You needn't worry about corruption per se. If you have a Relationship defined
between the Student table and the StudentID in the Enrollment table, and
similarly a relationship between the schedule table and the enrollment table,
with referential integrity enforced - then Access will see to it that you
*CANNOT* add a record with invalid foreign keys, nor would you be able to
delete a student or a class if doing so would leave an "orphan" record in the
enrollment table.

I'm not certain what you mean by

every table I have as the linking student ID or otherlink as a field and
these tables won't

What's "otherlink"? What tables won't have ID's???
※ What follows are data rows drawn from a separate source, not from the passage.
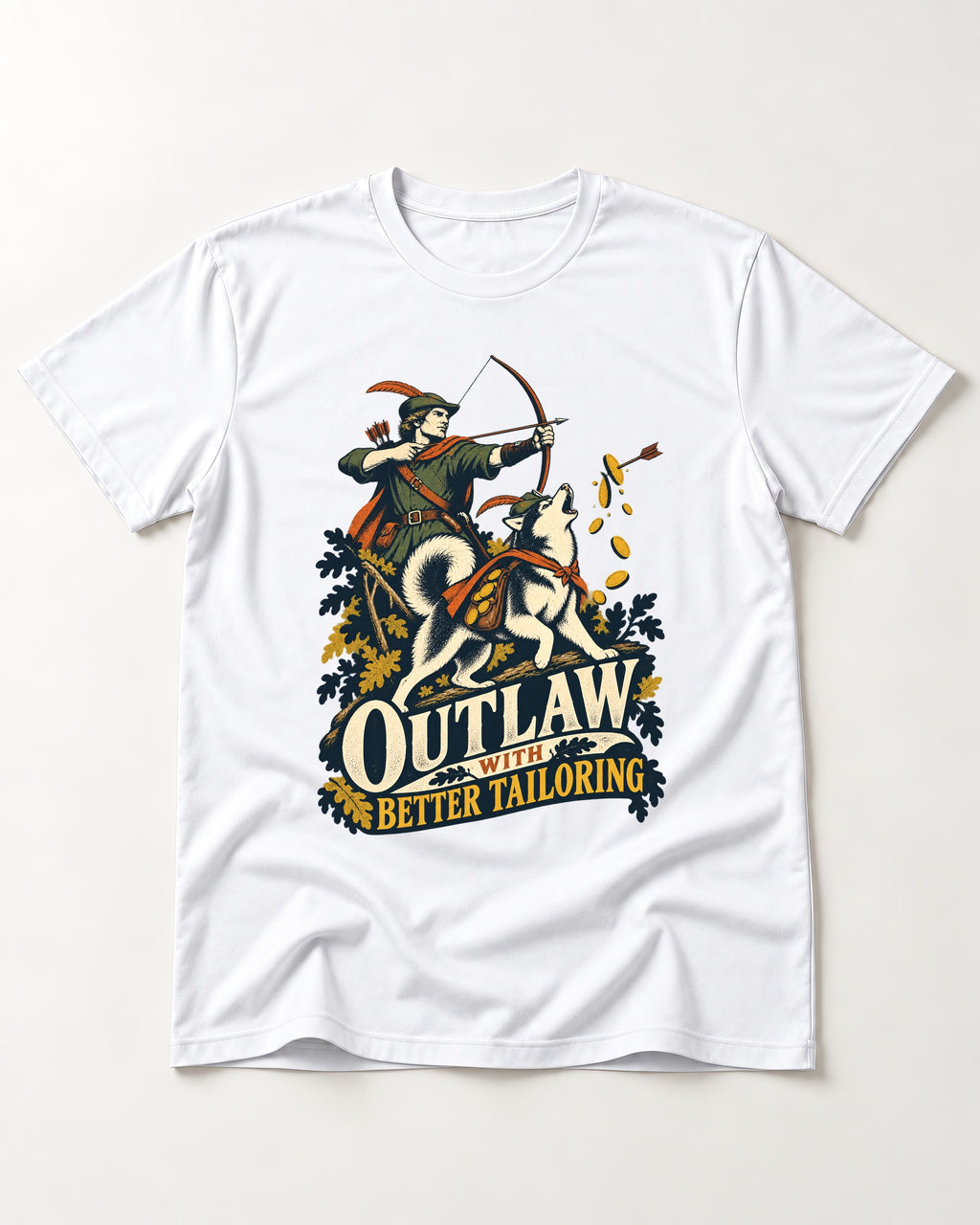 Husky Outlaw with Better Tailoring T-Shirt in White, flat lay product photo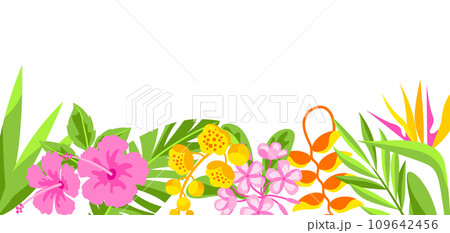 Background with tropical flowers. Decorative exotic foliage and plants. Background with tropical flowers. Decorative exotic foliage and plants. 109642456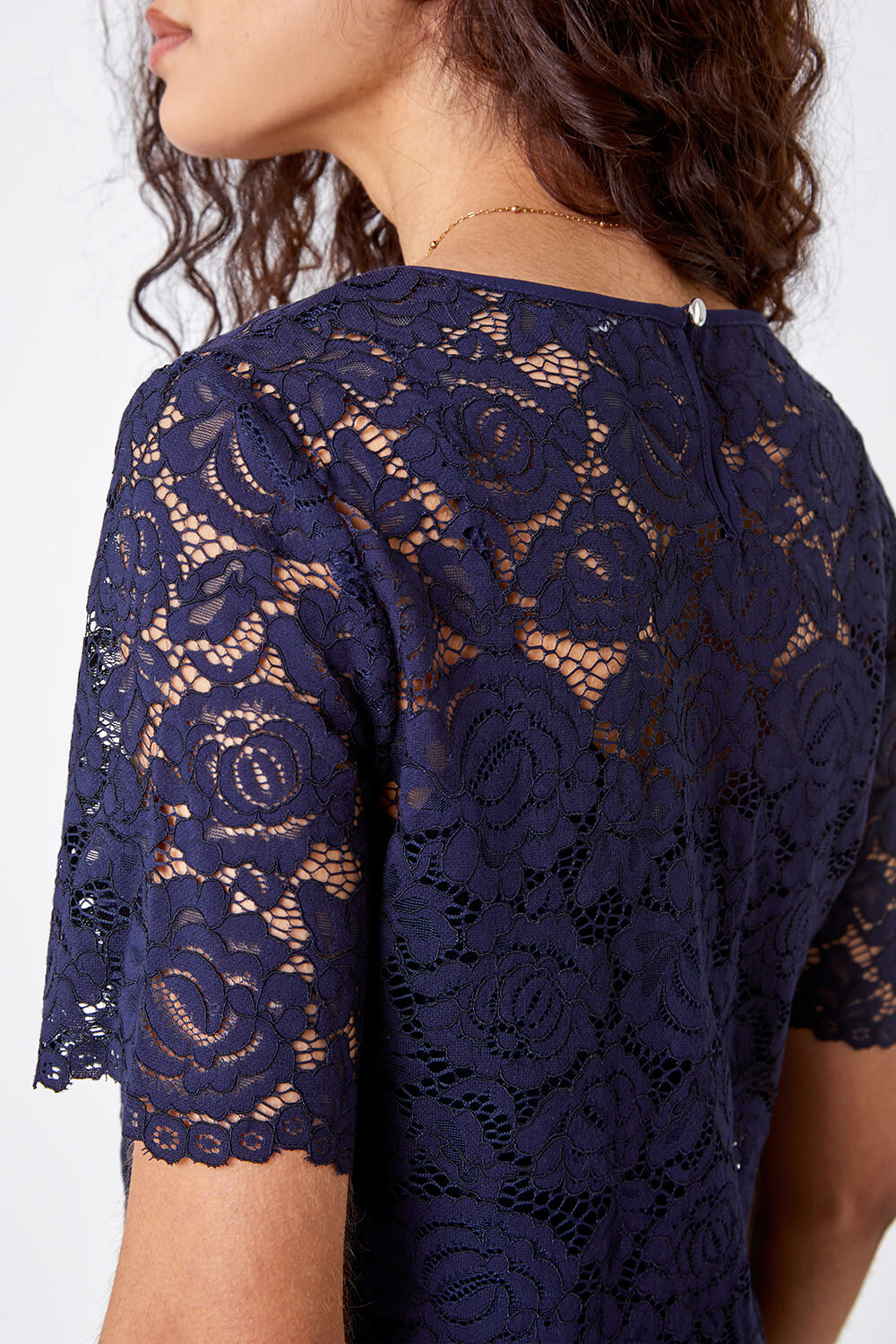 Navy  Lace Top Overlay Pleated Midi Dress, Image 5 of 5
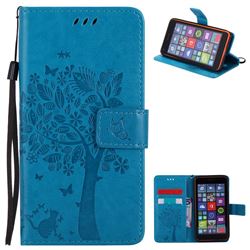 Embossing Butterfly Tree Leather Wallet Case for Nokia Lumia 640 N640 - Blue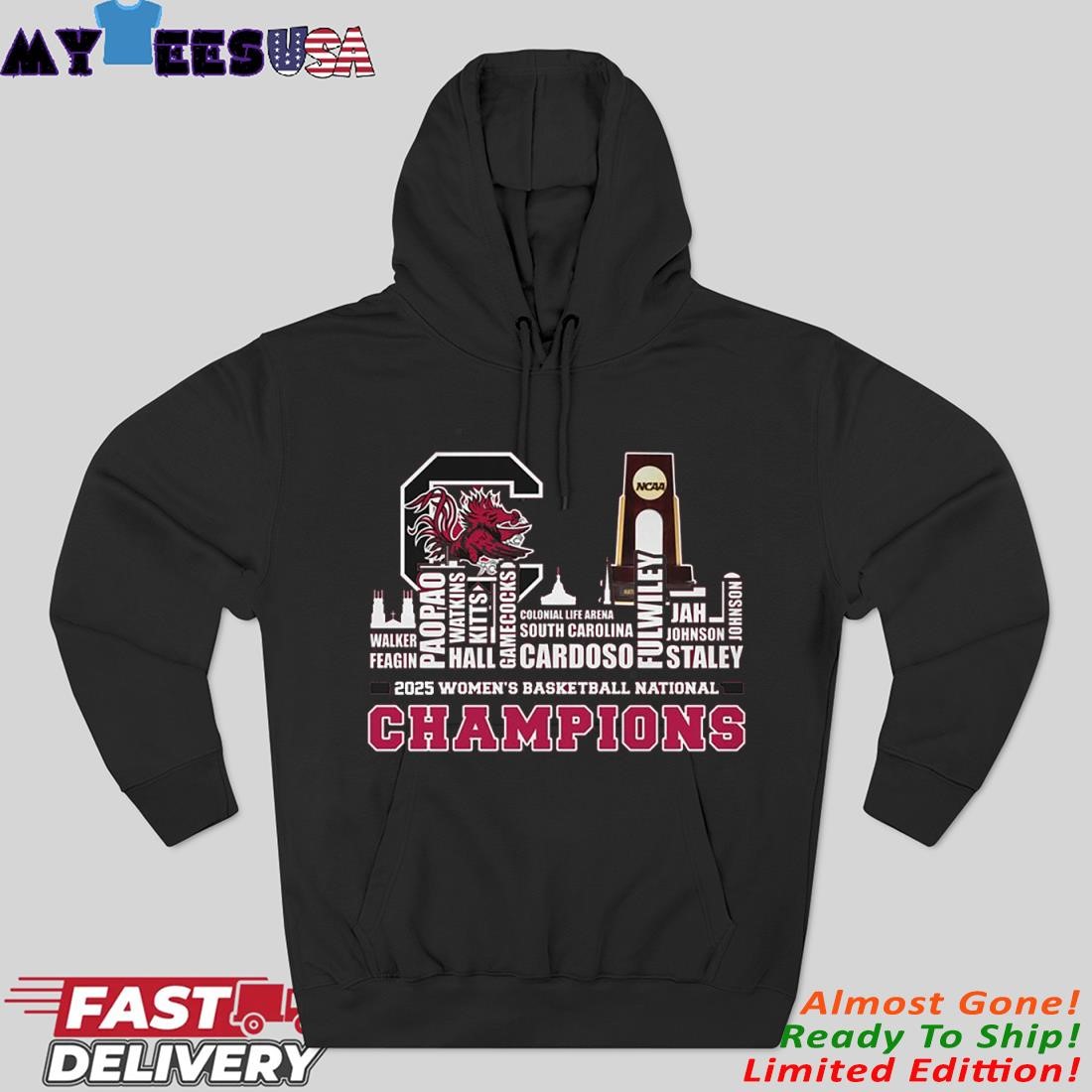 South Carolina Gamecocks Skyline Players Name 2025 NCAA Women's Basketball National Champions Hoodie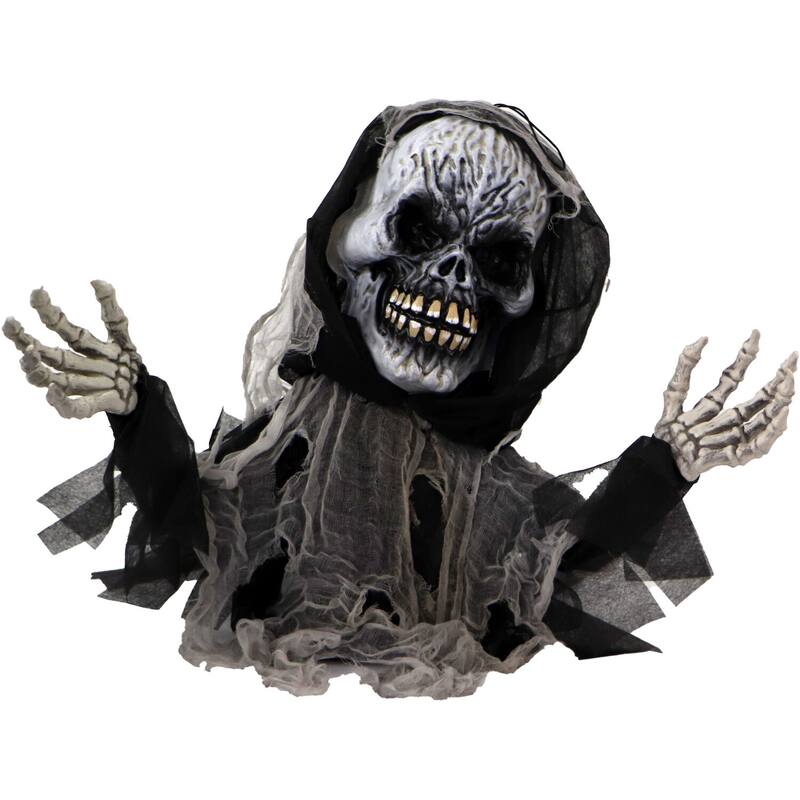 Haunted Hill Farm 27 In. Animatronic Reaper, Indoor/Outdoor Halloween Decoration, Light-up Red Eyes, Talking, Battery-Operated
Take a look at the Orders form in the Northwind sample database for an example
of how this can work. The analogy is direct:

Orders ---- Students
Products ---- TrainingDates
OrderDetails --- Enrolment
--

John W. Vinson [MVP]
  #9  
Old November 30th, 2008, 02:01 AM posted to microsoft.public.access.gettingstarted
Marie
external usenet poster
 
Posts: 251
Default table issues

Well, I'll have a try at this tonight, thanks John. Other links I meant was
that in address table there is a Student ID (Primary key from Student Names
table) field to join the tables. Thanks again.

"John W. Vinson" wrote:

On Sat, 29 Nov 2008 14:54:01 -0800, Marie
wrote:

Thanks John, That was a most helpful answer. If you could now explain in the
same wonderful simple and clear manner how junction tables are actually
populated, I would be eternally grateful. I understand (on a basic level)
about making Primary Keys and Joining tables, but then do you do the entries
through a form or query or both? And what happens if the Junction table
becomes corrupted. That's something that I worry about, since every table I
have as the linking student ID or otherlink as a field and these tables
won't. Do you mind answering all this first and then I have some other
questions about the Enrolment table. thankyou, thankyou.
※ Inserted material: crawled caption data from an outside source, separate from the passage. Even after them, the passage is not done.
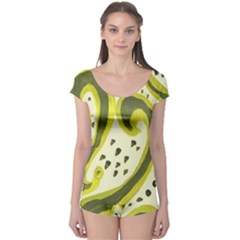 Yellow Swirls Boyleg Leotard  by snowwhitegirl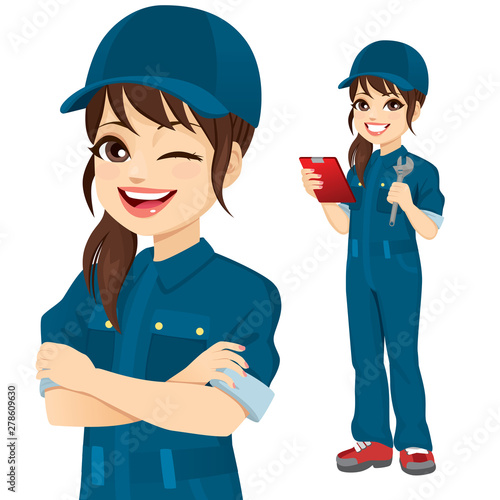 Professional female mechanic character holding clipboard and wrench tool standing and with crossed arms closeup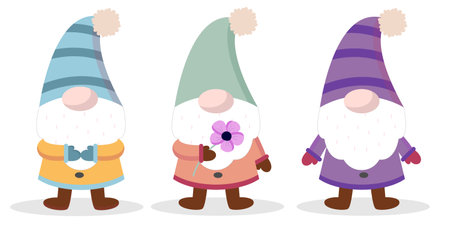 Set of cute garden gnomes. Isolated on a white background. Flat cartoon vector illustrationのイラスト素材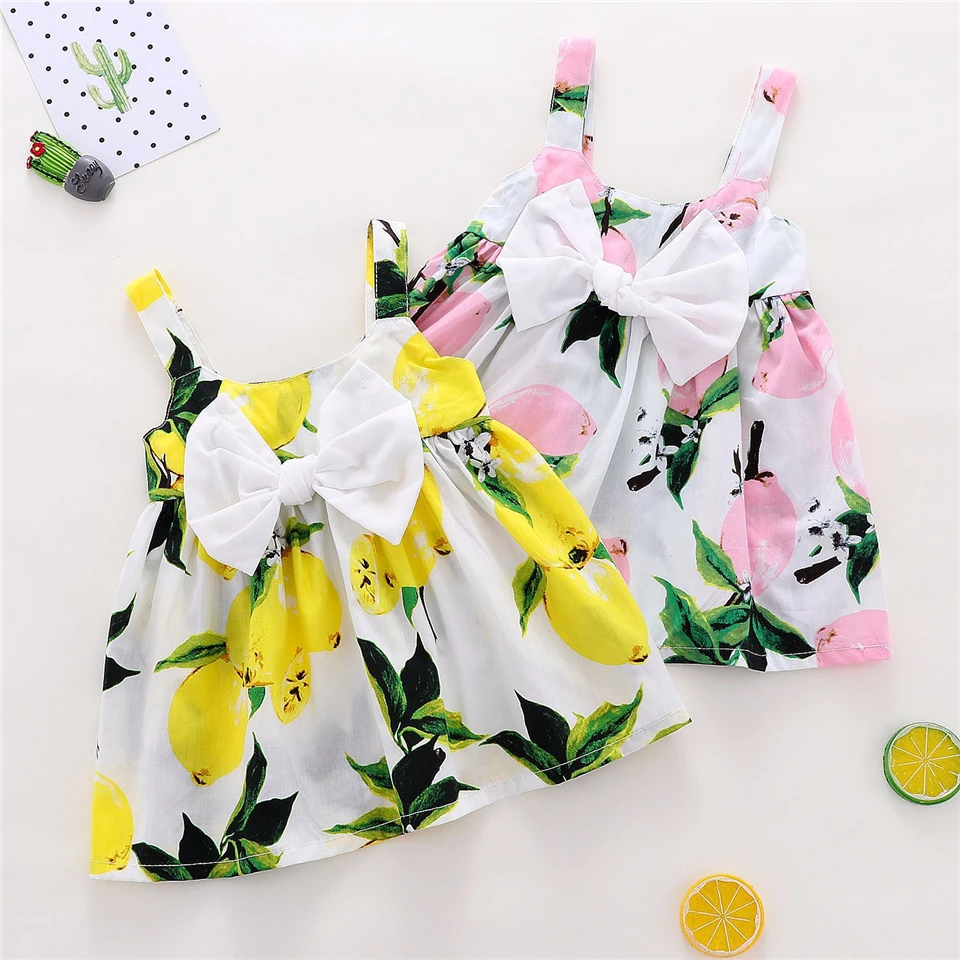 Novo bonito impresso sem mangas vestido de princesa recém-nascido verão vestido da menina do bebê grande arco vestido de aniversário da menina do bebê roupas da menina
Typically you would use a Form with a Subform to populate the tables. For your
enrollment example you could do it either (or both!) of two ways. One way
would be to have a Form based on the students table, into which you could add
students; on this Form you would have a Subform, based on the Enrollment
table. This subform would use the StudentID as the master and child link
field; this would show all the sessions in which that student is enrolled, and
automatically populate the StudentID from the mainform into the enrollment
table when you add a new record to the subform. On the subform you would have
a Combo Box based on the TrainingDays table, to allow you to enrol the
currently displayed student into any (or many) of the classes.
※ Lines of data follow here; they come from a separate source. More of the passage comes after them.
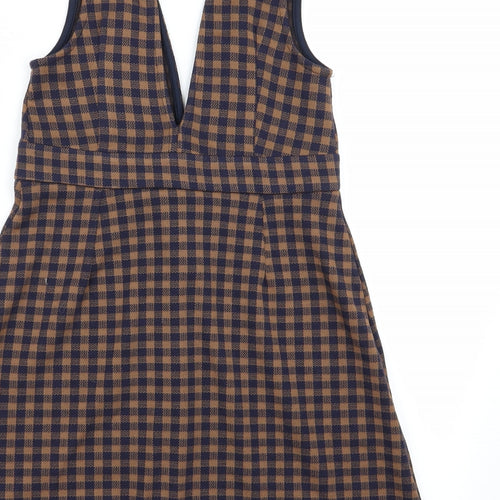 Topshop Womens Multicoloured Check  Pinafore/Dungaree Dress  Size 10
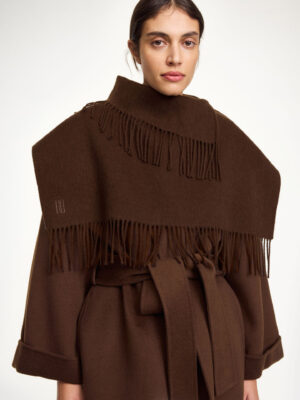 Alternative view of By Malene Birger Turtla Wool Fringe Bib - Carafe
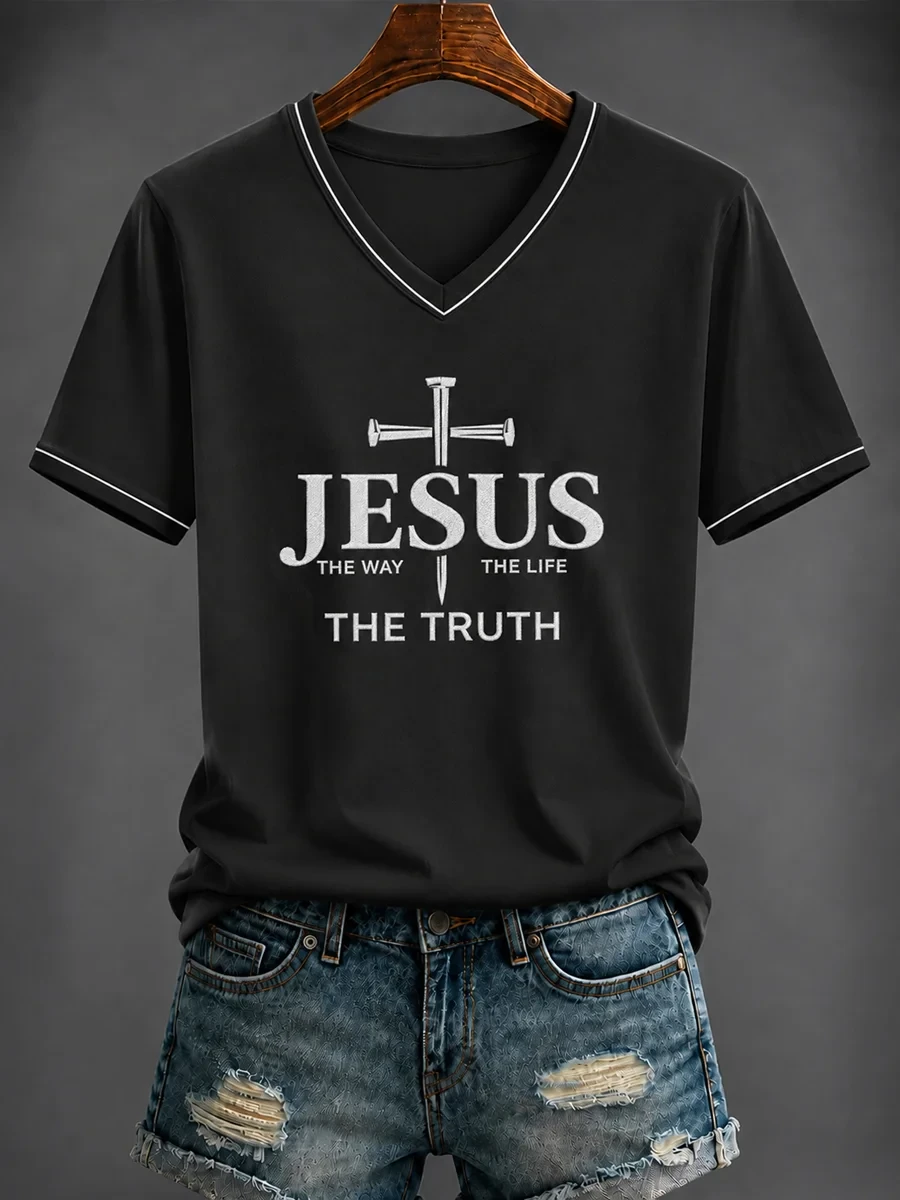 Jesus The Way The Truth The Life V-Neck T-Shirt Faith Based Outfits Gifts For Jesus Lovers - Kdjoy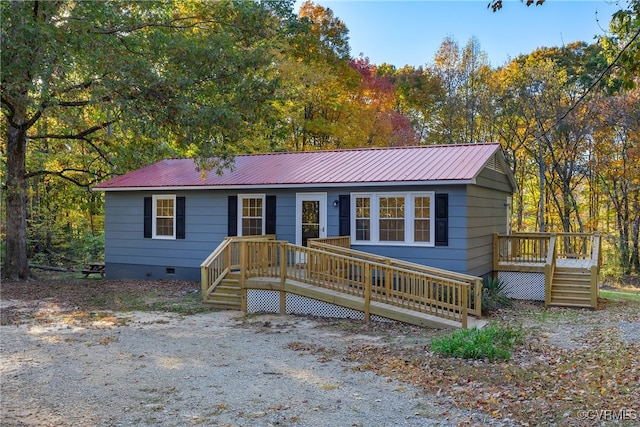 view of front of home with a wooden deck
The flipside would be to have a form based on the class session, with a
Subform letting you pick a Student from a combo box. Which you use depends on
your workflow and whatever works best for you.

You needn't worry about corruption per se. If you have a Relationship defined
between the Student table and the StudentID in the Enrollment table, and
similarly a relationship between the schedule table and the enrollment table,
with referential integrity enforced - then Access will see to it that you
*CANNOT* add a record with invalid foreign keys, nor would you be able to
delete a student or a class if doing so would leave an "orphan" record in the
enrollment table.

I'm not certain what you mean by

every table I have as the linking student ID or otherlink as a field and
these tables won't

What's "otherlink"? What tables won't have ID's???


Take a look at the Orders form in the Northwind sample database for an example
of how this can work. The analogy is direct:

Orders ---- Students
Products ---- TrainingDates
OrderDetails --- Enrolment
--

John W. Vinson [MVP]

  #10  
Old November 30th, 2008, 02:39 AM posted to microsoft.public.access.gettingstarted
John W. Vinson
external usenet poster
 
Posts: 18,261
Default table issues

On Sat, 29 Nov 2008 18:01:00 -0800, Marie
wrote:

Well, I'll have a try at this tonight, thanks John. Other links I meant was
that in address table there is a Student ID (Primary key from Student Names
table) field to join the tables. Thanks again.


That you'll fill in using a Combo Box on the subform. The user need not enter
(in fact should never even SEE) the StudentID.